This article presents analytical and simulation studies of
intense heavy ion beam propagation, including the injection,
acceleration, transport and compression phases, and beam transport
and focusing in background plasma in the target chamber. Analytical
theory and simulations that support the High Current Experiment
(HCX), the Neutralized Transport Experiment (NTX), and the advanced
injector development program, are being used to provide a basic
understanding of the nonlinear beam dynamics and collective
processes, and to develop design concepts for the next-step
Integrated Beam Experiment (IBX), an Integrated Research Experiment
(IRE), and a heavy ion fusion driver.
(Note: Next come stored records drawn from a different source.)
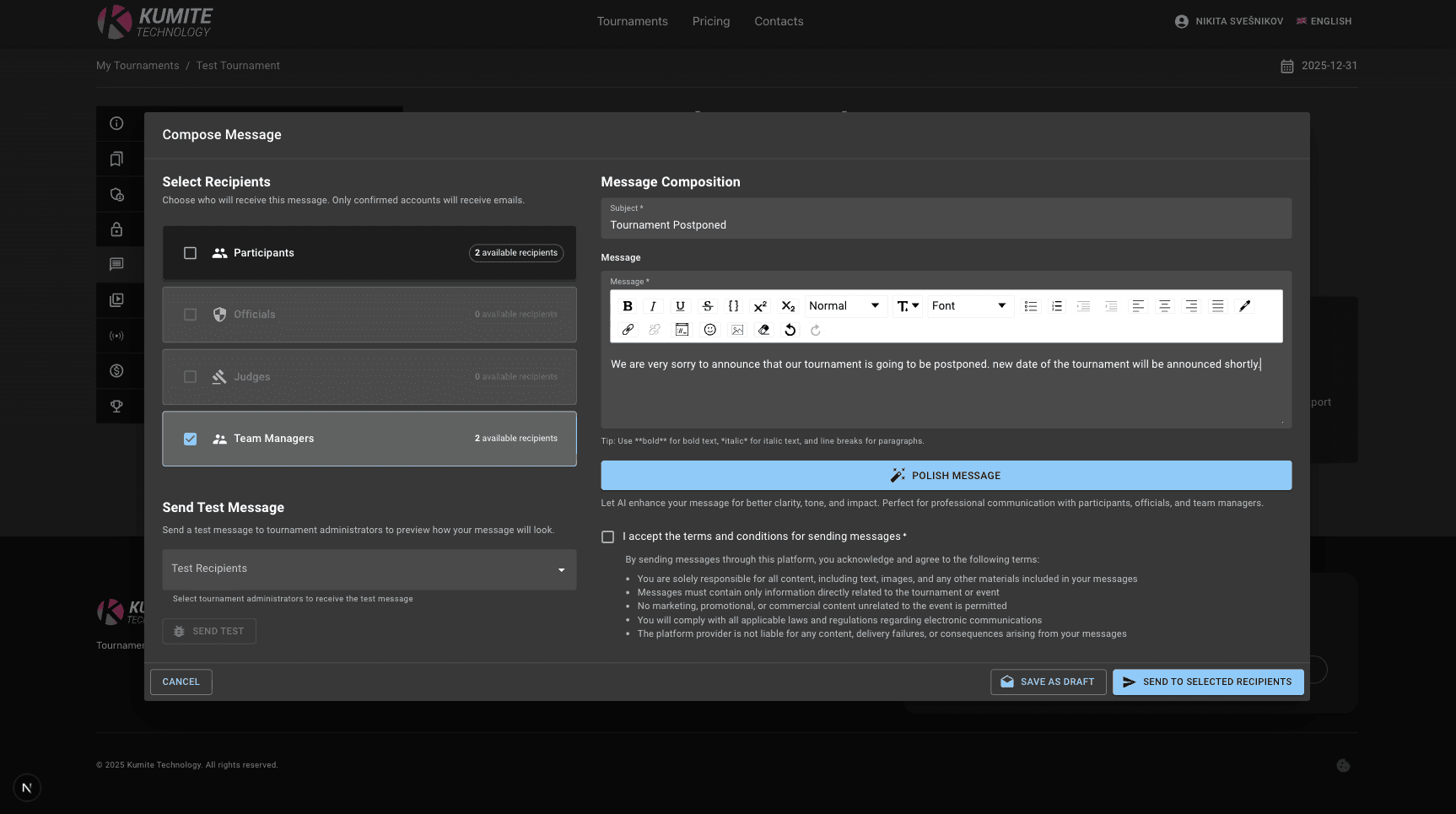 Диалог создания сообщения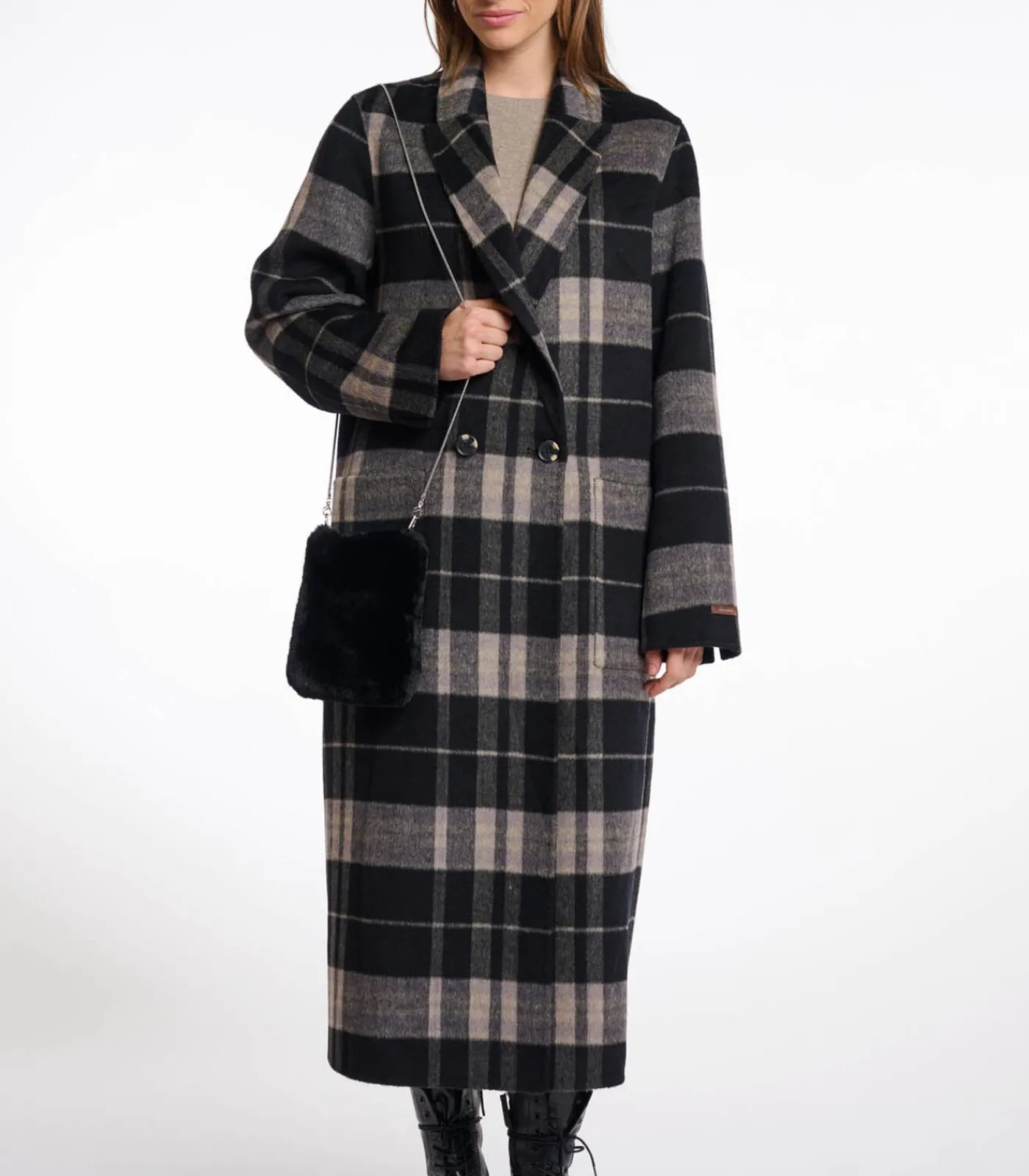 Outlet Kleine schoudertas van imitatiebont Zwart OS DAMES Tassen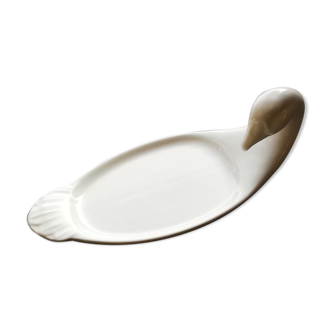 Goose-shaped porcelain foie gras dish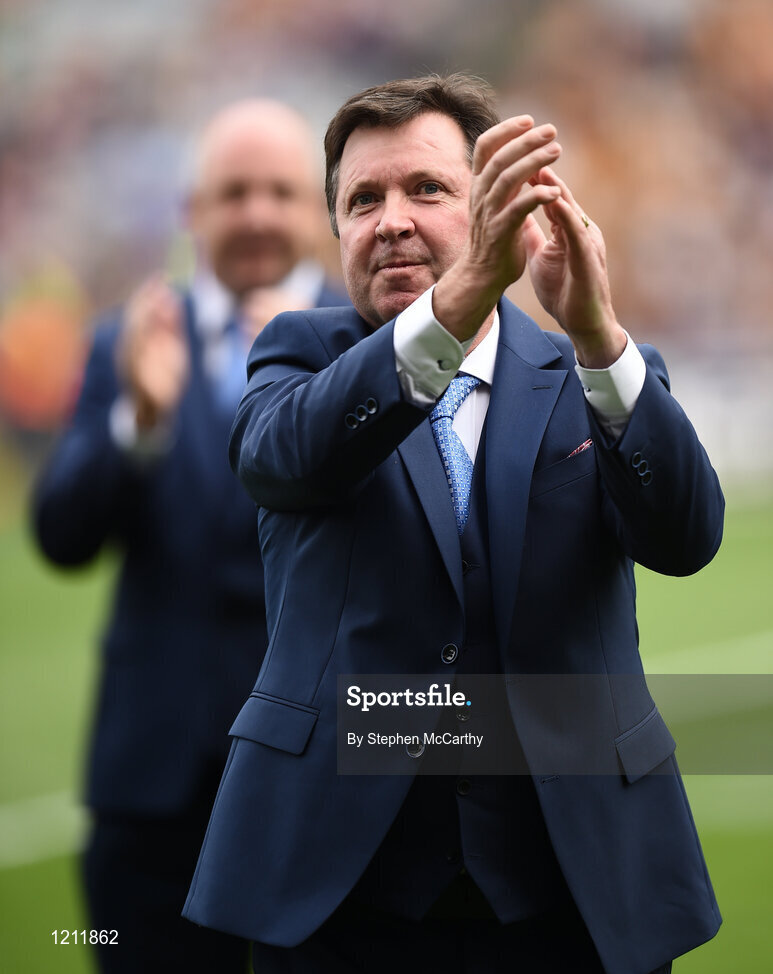 4 September 2016; Member of the Tipperary 1991 Jubilee Hurling team, Pat Fox, during their presentation to the crowd before the GAA Hurling All-Ireland Senior Championship Final match between Kilkenny and Tipperary at Croke Park in Dublin. Photo by Stephen McCarthy/Sportsfile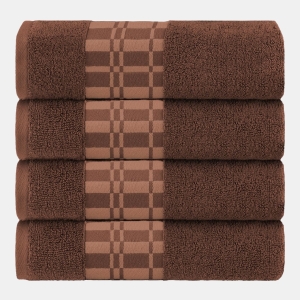 Larissa Geometric Embroidered Jacquard Border Cotton 4-Pc. Bath Towel Set - Chocolate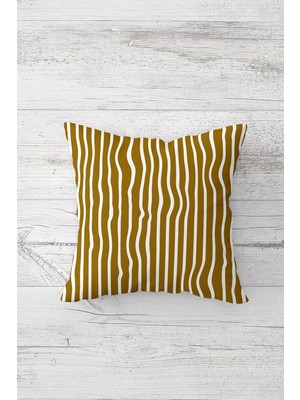 Pelangi Yeşil Zemin Beyaz Çizgili Çift Tarafı Baskılı Gizli Fermuarlı Yastık Kırlent Koltuk Yastık Kılıfı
Three-dimensional nonlinear
perturbative simulations have been applied to collective
instabilities driven by beam temperature anisotropy, and to
two-stream interactions between the beam ions and any unwanted
background electrons; three-dimensional particle-in-cell
simulations of the 2-MV electrostatic quadrupole (ESQ) injector
have clarified the influence of pulse rise time; analytical
studies and simulations of the drift compression process have
been carried out; syntheses of a four-dimensional particle
distribution function from phase-space projections have been
developed; and studies of the generation and trapping of stray
electrons in the beam self-fields have been performed.
Particle-in-cell simulations, involving preformed plasma, are
being used to study the influence of charge and current
neutralization on the focusing of the ion beam in NTX and in
a fusion chamber.